• CALIFORNIA REGULATOR: PG&E “TOO BIG” FOR SAFETY?: SAN FRANCISCO (AP) — California’s top utility regulator is asking if the state’s largest utility is too big for safety.
Michael Picker of the state Public Utilities Commission asked that question ahead of a commission meeting Thursday addressing safety at Pacific Gas & Electric Co. Picker said it appeared the utility, with $1.6 billion in earnings in 2014, was able to shrug off financial penalties.
The Associated Press obtained a copy of Picker’s statement. The utilities commission president says he will ask commission staff to study the structure of PG&E. That includes looking at the current setup of one board and CEO for both gas and electric services.
PG&E responded by stressing its safety upgrades and training since a 2010 PG&E gas pipeline explosion. That blast killed eight people in the San Francisco suburb of San Bruno.
• CANOE USED TO RESCUE 90-YEAR-OLD WOMAN FROM SINKING CAR: PITTSFIELD, N.H. (AP) — Police say quick-thinking good Samaritans grabbed a canoe from a neighbor’s yard and rescued a 90-year-old woman from her sinking car after she drove into a river in New Hampshire.
Eric Nilsson didn’t have an oar, so he started using his arms to paddle toward the woman in the Suncook River in Pittsfield on Sunday as she slipped out of her car window.
Deputy Fire Chief Peter Pszonowsky, who lives nearby, threw Nilsson a rope. He held it in one hand and the woman with the other while kneeling in the canoe. Pszonowsky pulled them ashore.
Nilsson, a town selectman, called her “one tough woman,” adding, “She was calm and did not panic one bit.”
• 5 ACCUSED IN LI HOME BURGLARIES, IMPERSONATING POLICE: CENTRAL ISLIP, N.Y. (AP) — Five men face charges that they impersonated plainclothes detectives to burglarize homes on Long Island.
A 29-count indictment charges the suspects with burglary, robbery, attempted robbery, conspiracy and criminal impersonation.
District Attorney Thomas Spota said the suspects donned business suits, wore fake police badges and identified themselves as detectives to occupants of homes they knew contained either cash, valuables or both.
Once inside, the defendants allegedly used handguns and restrained the occupants with zip ties and duct tape.

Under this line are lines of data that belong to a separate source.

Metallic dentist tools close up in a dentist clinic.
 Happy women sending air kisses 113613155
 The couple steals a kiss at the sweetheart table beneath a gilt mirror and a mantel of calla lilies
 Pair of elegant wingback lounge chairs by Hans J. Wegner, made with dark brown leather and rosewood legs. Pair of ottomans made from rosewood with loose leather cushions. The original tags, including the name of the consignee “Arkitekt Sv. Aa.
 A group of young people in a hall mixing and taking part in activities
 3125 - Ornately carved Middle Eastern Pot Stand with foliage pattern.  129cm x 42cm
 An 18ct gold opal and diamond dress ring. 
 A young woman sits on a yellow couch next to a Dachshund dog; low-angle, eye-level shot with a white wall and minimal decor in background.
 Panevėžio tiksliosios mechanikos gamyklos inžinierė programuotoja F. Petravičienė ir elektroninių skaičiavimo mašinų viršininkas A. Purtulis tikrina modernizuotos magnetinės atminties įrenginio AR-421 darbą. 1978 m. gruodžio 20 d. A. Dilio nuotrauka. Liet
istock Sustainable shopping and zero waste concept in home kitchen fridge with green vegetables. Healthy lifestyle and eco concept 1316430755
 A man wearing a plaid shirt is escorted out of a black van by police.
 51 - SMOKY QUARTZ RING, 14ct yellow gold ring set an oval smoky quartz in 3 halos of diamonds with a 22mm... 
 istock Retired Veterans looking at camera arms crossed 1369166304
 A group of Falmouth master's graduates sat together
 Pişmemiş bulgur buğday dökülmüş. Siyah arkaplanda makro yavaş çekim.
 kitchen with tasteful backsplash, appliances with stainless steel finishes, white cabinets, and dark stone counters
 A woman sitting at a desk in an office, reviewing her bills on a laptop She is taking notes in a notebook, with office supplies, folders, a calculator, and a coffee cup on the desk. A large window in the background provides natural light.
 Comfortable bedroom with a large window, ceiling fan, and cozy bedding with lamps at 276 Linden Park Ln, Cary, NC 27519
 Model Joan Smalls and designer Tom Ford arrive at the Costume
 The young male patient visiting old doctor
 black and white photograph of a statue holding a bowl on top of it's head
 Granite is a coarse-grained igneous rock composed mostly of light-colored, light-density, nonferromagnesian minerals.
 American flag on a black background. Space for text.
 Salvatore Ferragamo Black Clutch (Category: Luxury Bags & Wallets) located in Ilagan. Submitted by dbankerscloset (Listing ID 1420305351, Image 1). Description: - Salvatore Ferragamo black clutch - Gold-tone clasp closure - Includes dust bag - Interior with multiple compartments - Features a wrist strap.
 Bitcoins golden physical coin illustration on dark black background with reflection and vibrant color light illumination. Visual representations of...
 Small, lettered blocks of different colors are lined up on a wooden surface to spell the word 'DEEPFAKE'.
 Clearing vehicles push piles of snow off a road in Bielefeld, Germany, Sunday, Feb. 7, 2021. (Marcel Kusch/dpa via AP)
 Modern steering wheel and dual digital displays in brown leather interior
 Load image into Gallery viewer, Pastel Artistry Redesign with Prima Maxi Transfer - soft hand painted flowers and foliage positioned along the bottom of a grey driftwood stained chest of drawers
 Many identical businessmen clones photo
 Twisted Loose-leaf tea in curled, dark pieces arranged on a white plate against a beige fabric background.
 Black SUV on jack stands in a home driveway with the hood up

• LIZZIE BORDEN GRAVESITE DEFACED WITH GRAFFITI: FALL RIVER, Mass. (AP) — The final resting place of Lizzie Borden and the father and stepmother she was accused of killing has been vandalized.
The director of Oak Grove Cemetery in Fall River says the Borden family burial monument was defaced with black and green paint.
Tony Eaton said the vandalism likely occurred Sunday night. It’s not the first time it has happened, but it irks him anytime a grave site in vandalized. Police have been notified.
Eaton says the graffiti may be related to increased fascination with Borden due to the Lifetime miniseries “The Lizzie Borden Chronicles.”
Borden was charged with killing her father and stepmother with an ax in 1892. Although she was acquitted, her innocence is questioned even today.
• TEXAS SCIENTISTS DIG UP DINOSAUR FOUND BY 5-YEAR-OLD AND DAD: DALLAS (AP) — Scientists from Southern Methodist University have helped a Dallas zookeeper and his 5-year-old son excavate a dinosaur fossil they found behind a grocery store in the Dallas-Fort Worth area.
Tim Brys and his son Wylie worked at the excavation site Tuesday to dig up what paleontology professor Dale Winkler believes could be a nodosaur, a pony-sized dinosaur that dwelled on land.
Brys and his son discovered the fossil last September, but it took over seven months to obtain necessary permits to dig up the bones. Scientists started.